Need the hand of man rest so heavily on Lough Key as it visibly and audibly does? Is it not possible, at the end of the 20th century, that the Irish people, through their State, might guard and cherish it with the care and delicacy it deserves? Lough Key truly is a wondrous place - was and is and will be - but only if public servants behave with a discerning vigour which is certainly not in evidence, not alone in Lough Key, but throughout much of the greater Shannon internal waterways. As tourism reaches unprecedented levels, and as more and more Irish people are able to afford a boat, the good old days of happy-go-lucky, laissez-faire, self-regulating boat management are gone. A new waterways management system must be policed and made effective - the very opposite of what seems to be happening now.
The length and the breadth of the Shannon, boats are being left illegally for months on end at public moorings. In the days when others were not competing for such moorings, that did not count. It counts now. Empty boats which might not have been visited through the season are permanently berthed, while cruisers with people on board hunt desperately for somewhere to spend the night.
Little notes
Often enough the criminal-boats have a little note attached to them - no doubt spurious - declaring that long-stay mooring has been authorised by a particular person in authority.
No individual has the right to cause such inconvenience to the ordinary users of the Shannon on behalf of friends or acquaintances. Yet it is clear there is no policing system on the Shannon. Boats are not hauled out of the water from moorings where they rest for months on end. No threat of fine or cruiser-clamping awaits those who abuse the public waterways of Ireland, where the writ of Me Fein still seems to run.

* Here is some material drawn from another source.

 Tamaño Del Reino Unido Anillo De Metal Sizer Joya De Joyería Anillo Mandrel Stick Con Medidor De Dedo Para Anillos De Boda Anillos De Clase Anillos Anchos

Not merely me feinery triumphs here; so too does that other ancient national characteristic, the existence of unobeyable laws. It is the law of the internal waterways that boats now put sewage into their own internal tanks and pump it out into specially designated sewage storage depots. But this last summer, the depot tanks have been full. People have been cruising the Shannon in great powered slurry vats, desperately looking to unload: the merest wave would send the most delightful jets of sewage vertically up through the flaps on the WCs. Those sitting on the toilets at the time may be visited once a month in St Pat's, though no hope is entertained for their recovery.
Friends of mine visited some half-a-dozen central storage tanks for slurry. Only one was not full - and the place for unloading boatpoo was occupied by a cruiser whose owner/occupier insisted she was a friend of the self-same individual who name is repeatedly uttered in exoneration of semilegal and certainly anti-social behaviour; and she refused to move. Yet such was the courtesy of my friends that they did not hose her down with bilgedung.
Lough Key wind-farms
Unless the cruisercrap dispositions are improved, my friends are thinking seriously about reinserting the device they not long ago removed - a sewage disposal system which empties directly into the river. They do not want to do this: on the other hand, they do not want to have to perform the Australian crawl through yesterday's breakfast to get to the galley for today's.
The concern is not just for the Shannon. On Lough Key, various forces are coming together to damage a truly magnificent lake and park. On the gentle hills to the west of the lake, vast wind-farms have sprouted: ugly, gaunt things which can make a dreadful noise 24 hours a day. On Lough Key itself, as on the Shannon generally, there seems to be no legal inhibition on speedboating or water-skiing: and in the magnificently tranquil surroundings of our inland waterways, power-boats are like electric guitars being added to a Chopin nocturne.
Coillte has responsibility for Lough Key Forest Park; yet ivy grows on many of the old trees there. Ivy is deadly for deciduous trees; like the wind-farms above them, it catches the midwinter winds which would otherwise pass through the bare branches of the host trees, which are then plucked from the ground. Donadea wood in Kildare - also Coillte-run - last winter lost half-a-dozen fine but ivy-covered old beeches in the high wind. Is it Coillte's brief to let ivy grow at the expense of standing wood?
Berlin watchtowers
And in all of Europe, there could hardly be a more deplorable public building than the monstrous reinforced-concrete Moylurg viewing tower overlooking the lake: it is a barbarous echo of the watchtowers which supervised the Berlin Wall, and which had ugliness as an intimidatory purpose. What purpose has Moylurg, other than to reassure us that whatever visual brutality a totalitarian state could manage under German communism, a free state can manage equally well in an Irish democracy?
Perhaps the tower was constructed to distract attention from the nearly as vile glass-fronted and wholly vulgar viewing pavilion and cafe which successfully takes up nearly 100 yards of waterfront. A bulldozer should be taken to the lot of them; but which State agency can we trust to do that? Which state agency can we trust to police the Shannon honestly and fairly? Does the answer sound like a religious lady in a wimple?